EXERCISE PROMPT: Once the pictures are set aside, transcribe each line of the data exactly.

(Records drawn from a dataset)
-- Opening Marker --

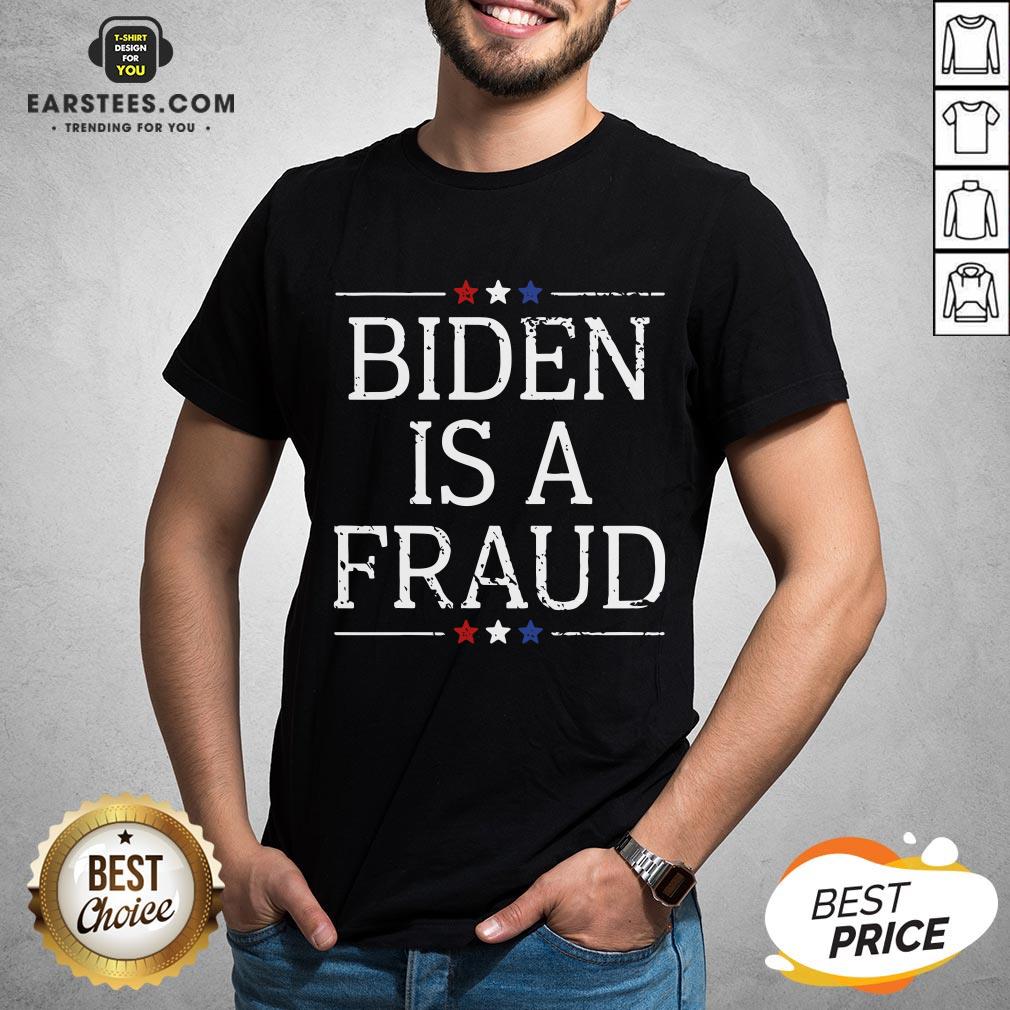 Hot Biden Is A Fraud Shirt
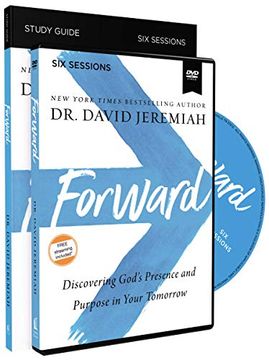 portada Forward Study Guide With Dvd: Discovering God'S Presence and Purpose in Your Tomorrow (in English)
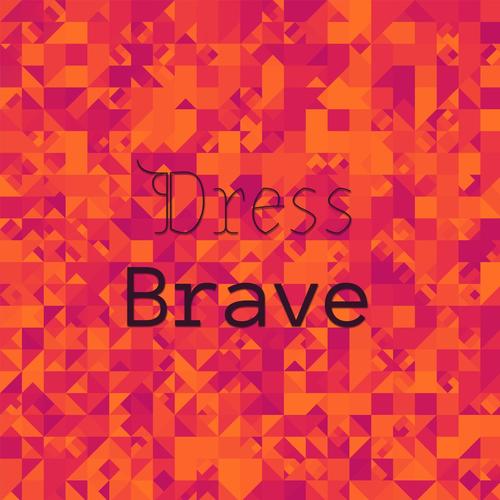 Dress Brave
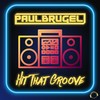 Hit That Groove - Paul Brugel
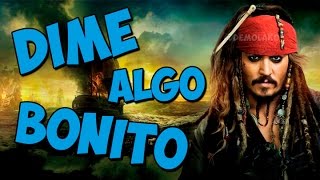 Dime Algo Bonito Jack Sparrow [upl. by Sucrad]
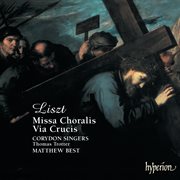Liszt : Missa Choralis & Via Crucis cover image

-- Closing Marker --

SOLVED PROBLEM:
 Hot Biden Is A Fraud Shirt
 portada Forward Study Guide With Dvd: Discovering God'S Presence and Purpose in Your Tomorrow (in English)
 Dress Brave
 Hit That Groove - Paul Brugel
 Dime Algo Bonito Jack Sparrow [upl. by Sucrad]
Liszt : Missa Choralis & Via Crucis cover image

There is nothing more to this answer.